Imagine what it was like in Melville Prison long ago:

  1. Lie down under the big pine tree and make yourself comfortable.
  2. Close your eyes and travel back in time as one person reads very slowly:

“The year is 1812 and the British and Americans are at war. You are an American prisoner captured by the British at sea after your ship was boarded and taken in battle. You were locked below deck and transported with little food to Melville Island as a prisoner. The weather is miserable most of the year and the prison is always crowded, damp and cold. Many prisoners are wounded, sick or dying. As one of the few who isn’t sick, your job is to help the guards take the dead prisoners to Deadman’s Island, known as Target Hill, and bury them in shallow graves. You and the guards land the boat near this pine tree and climb the hill to find a place to dig a grave. It is hard and very sad work.
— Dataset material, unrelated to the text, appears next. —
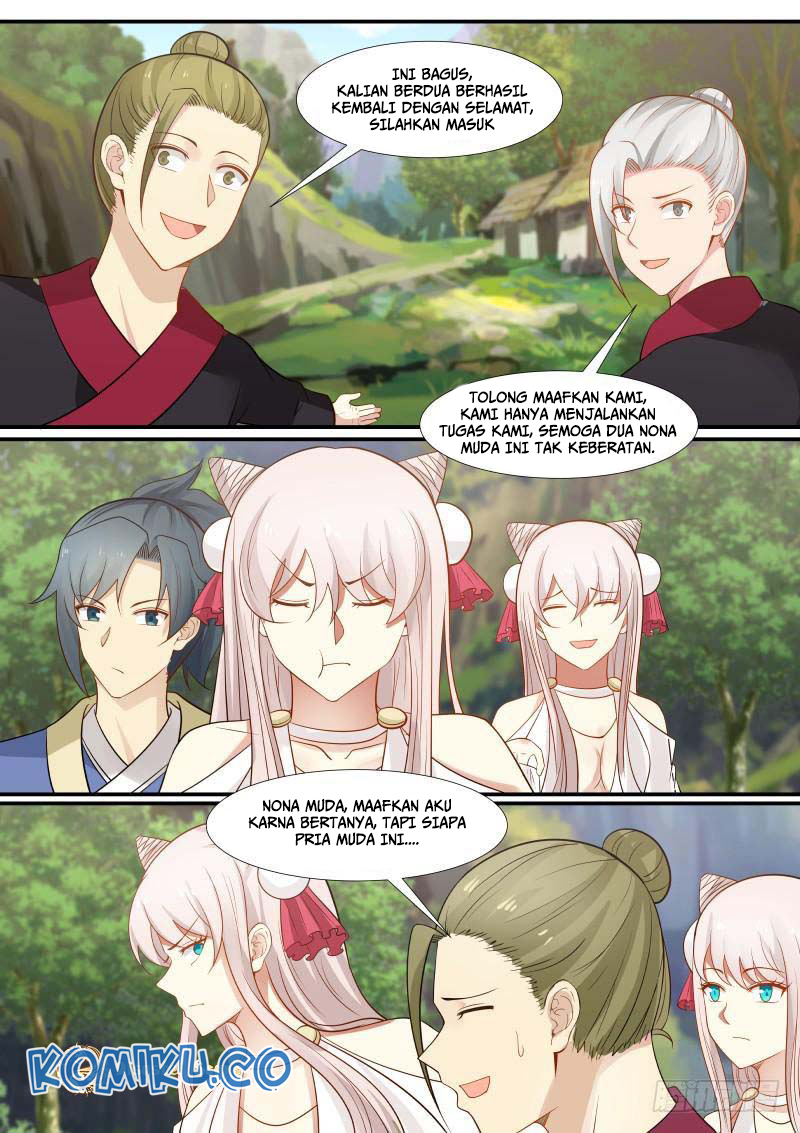 Martial Peak Part 1 chapter 283 halaman 13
You pray that you do not end up in a grave here someday.”

Open your eyes. Rise and walk up the hill with respect. Remember that although there are no markers, this is a very old burial site. The nearby interpretation plaques explain this in more detail.

5. Find the Treasures of Deadman’s Island

From the big pine tree, stay along the outer shore and take the trail up to the top of the hill.

Look for shallow depressions in the ground at the top of the hill. How many can you find? They may be old gravesites.

The island is also a graveyard for “giants”. Did you notice the stumps on your way up the hill? Look for the tallest giant tree standing on the hilltop. What will happen to it over many years?

  1. Find a log on the ground.
  2. Crouch and look for beetles or insects around or under it (replace it if you move it).

The log was once part of a large tree. Insects are breaking it down and returning the nutrients to the soil. New trees use these nutrients to grow tall and strong.

In your Adventure Journal, draw a giant tree, a log, a bug and a tiny tree. Use arrows to show how nutrients are passed in a circle through these living things.

Earthworks

All creatures require clean air, water and soil and are susceptible to pollution that contaminates them and moves from one to the other. Pollution in the air can combine with rain and fall to the ground and mix with the soil. Just as pesticides get into the cormorants’ food through the water and soil, pollutants can get into our food, air and water. This illustrates the

earthwork.

Learn about the Earthworks

6. Find Pirate Markings

Return to your canoe and paddle along close to the outer shoreline of the island, heading further out along the Northwest Arm.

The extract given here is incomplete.